Poser ces questions semble bien de l’ordre du negatisme, du moins pour ceux qui ne vivent pas les affres du pilotage d’organisation complexes dans des secteurs tendus. Et naturellement on vous dira qu’il ne faut pas penser au pire si vous ne voulez pas subir le pire. Mais, c’est cette certitude et ce manque de dispositions prises pour éviter le pire qui amène plusieurs entreprises ou dirigeants à penser que rien ne leur arrivera et que tout se passera bien. Bien sûr que tout se passera bien surtout si vous savez prendre les dispositions.

L’idée de penser qu’on pourrait bien  échouer et que les choses ne sont pas données ni garanties d’avance est nécessaire pour ne pas s’endormir et continuer de challenger le statu quo.

La paranoïa productive permet de poser les questions à se poser pour ne pas se laisser distraire et créer assez tôt (prendre les dispositions) les conditions pour continuer de produire au lieu de végéter dans un optimisme béat qui crée très rapidement des coups d’arrêts irréversibles.

Pensez au pire et prenez des dispositions

Prendre des dispositions permet de savoir ce qu’on pourrait faire « en cas de cas ». Et surtout, même s’il faut toujours rester positif et penser que tout finira par rentrer dans l’ordre, c’est parce que vous savez que vous allez prendre les dispositions que vous le pensez. Autant prendre les dispositions assez tôt. N’est-ce pas ?

Vous avez reçu un audit il y a 6 mois et des ajustements ont été demandés. Vous avez fourni des preuves mais tout n’a pas été validé. Pourquoi pensez-vous qu’il n’y aura pas prochainement un nouvel audit ?

Vous savez que la législation a changé pour ce qui concerne les relations entre le pays de votre fournisseur principal et votre pays, mais vous n’avez pas anticipé l’impact négatif que cela va avoir sur votre activité et ne prévoyez aucun manque à gagner financier. Pourquoi ne pas y penser ?

Votre banquier a revu ses conditions d’octroi de crédit et vous savez bien que vous tombez dans la catégorie de client dont ils vont peut-être être amenés à diminuer le montant octroyé mais vous continuez de penser que tout ira bien. Pourquoi ne pas y penser et chercher un plan B dès maintenant ?

Le concurrent a lancé une nouvelle technologie qui lui donne une avance de plusieurs versions sur votre solution actuelle. Mais vous vous dites que le marché n’est pas aussi mûr que cela et que les clients continueront de rester chez vous. Et si vous vous trompiez ?
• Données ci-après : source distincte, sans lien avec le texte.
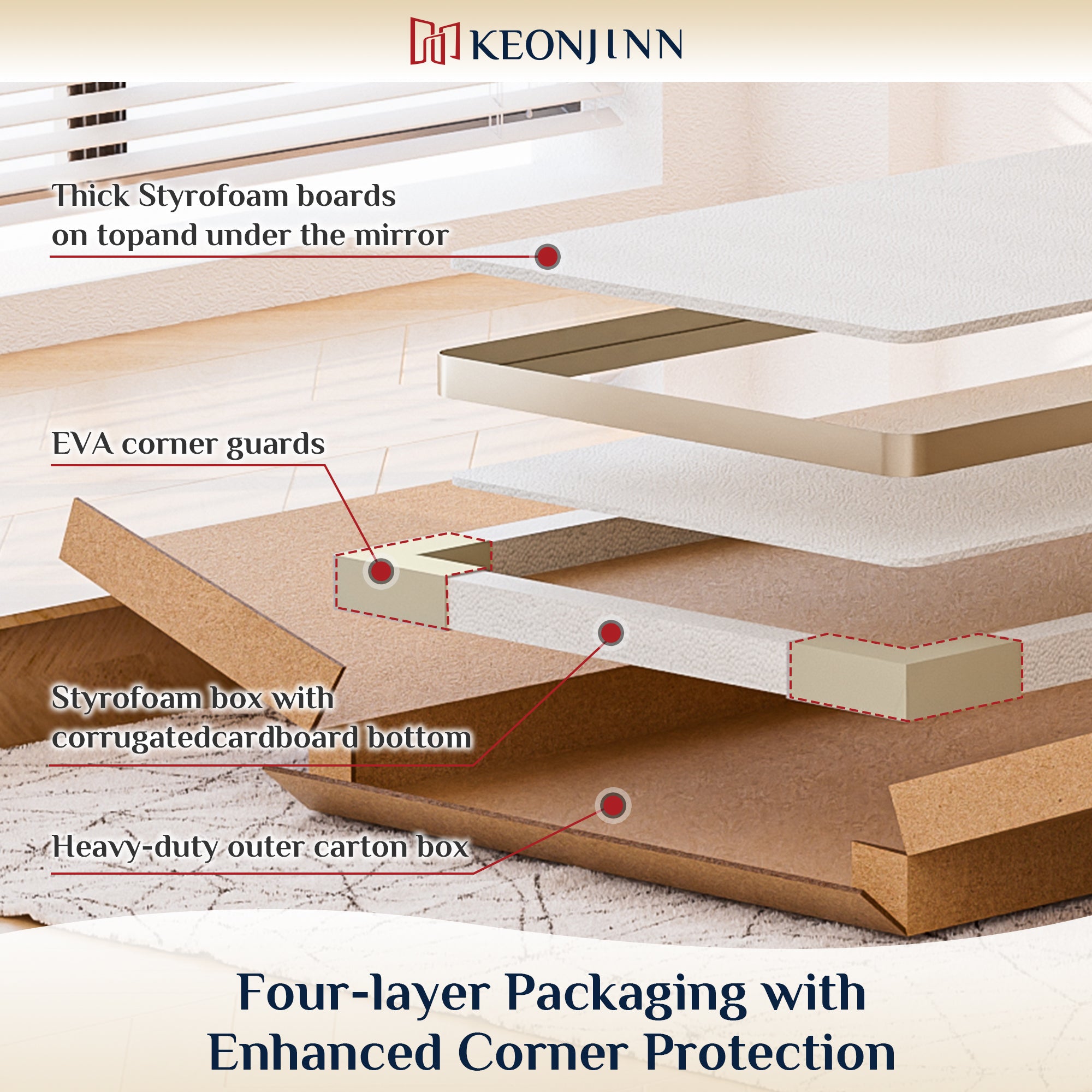 Metal Frame Decorative Rectangular Wall Mount Mirror, Sliver, 30"x36"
Un client qui fait près de 32% de votre portefeuille est en train de mettre la pression pour baisser les prix sur le contrat de l’année prochaine et menace de ne pas pouvoir reconduire le contrat si ce n’est pas le cas. Vous êtes sur le point de lui dire « OUI » sans vous demander l’impact que cela va avoir sur votre rentabilité. Pourquoi ne pas analyser ?

Il n’y pas plus de tranquillité

Il y a des secteurs stables et à croissance stable. Mais aujourd’hui, il y a un tel niveau de volatilité que vous êtes sous la braise tous les jours. Bien évidemment si vous ne prenez assez de risques et n’êtes pas dans des secteurs volatiles vous allez vivre peut-être comme un long fleuve tranquille.
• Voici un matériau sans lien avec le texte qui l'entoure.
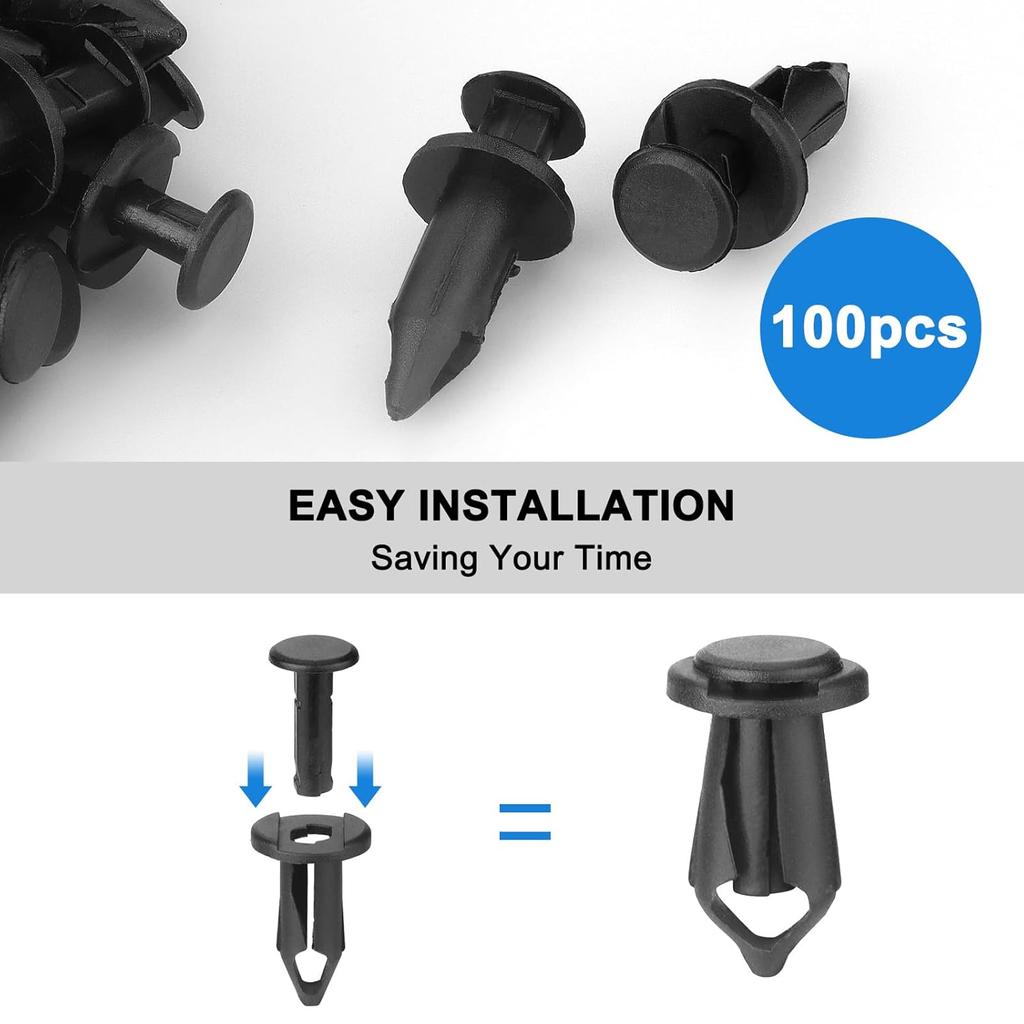 100PCS Nylon Body Fastener Rivets, Mudguard Clip Body Rivet Replacement Parts, Suitable For Multiple Models Such As ATV, UTV, Honda, Etc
Mais, la vérité, c’est que même dans les secteurs les stables, plus rien n’est tranquille- tout est volatile. Il y a une question importante que le dirigeant doit se poser s’il ne voit pas que tout est au bord de la rupture chaque jour : 1) Si mes deux premières banques ne peuvent plus garantir mes lignes de crédits les plus importantes, est-ce que nous tiendront 45 jours ? 2) Si pour quelques raisons, ma source d’approvisionnement majeure venait à prendre un coup, est-ce que je trouverai un remplacement fiable en 45 jours et est-ce que je pourrai tenir 90 jours ? 3) Si notre technologie principale venait à devenir désuète du jour au lendemain, est-ce que nous avons une technologie de remplacement assez pertinente pour ne pas être renvoyé du marché ?

Vous avez la possibilité de poser ces questions dès maintenant – si vous ne les avez jamais posées.